First, you must walk as if the weight of the world is on your shoulders. Of course, it isn't. Your heart and shoulders are light and carefree, so carefree, in fact, that you won't mind the inevitable downpour you're bringing on yourself and everyone else who shares your weather. However, you should assume the posture of a street light in anticapation of the increasing barometric pressure you thunderheaded thoughts are generating.
Dressing for the approaching storm: Your clothing is a function independent of the rain cloud you're attempting to gather. For the most part, adorn yourself in raiment indicative of the excitement that coalesces around a theme party particle. Really, whatever you deem appropiate will be so. If it feels like a wet t-shirt storm, then wear a white tee. If it feels more like a wet prom dress run through, make it so. It will be most certainly be soggy though, so over-sized black boots are a necessity and it's best to leave them untied.

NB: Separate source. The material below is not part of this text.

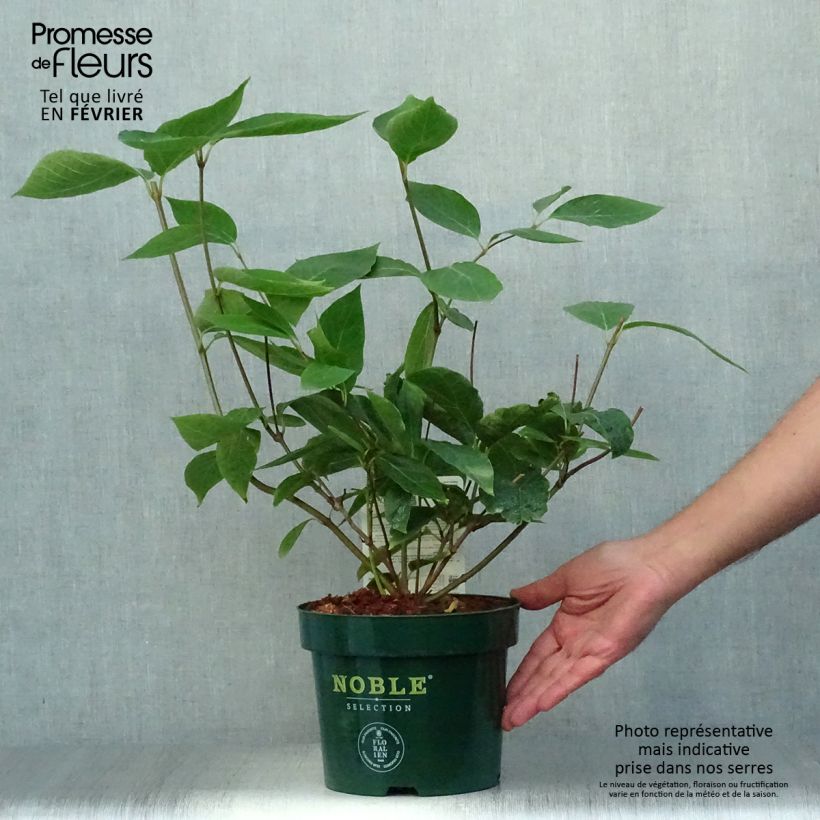 Example of Calycanthus Venus - Arbre aux anémones Pot de 3L/4L as you get in automne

Let's let your friends in on it too.
The last and most important parts of the bringing the rain cloud are a full belly and an empty bladder. It's important to feel grounded. One of the realest and most visceral ways to do that is a hearty meal. However, since you'll be focusing on fluid transfer, it's best to go to the bathroom before leaving the house, at least to pee. You don't want to wet your pants accidently while you're willing the sky to transfer fluid to the earth.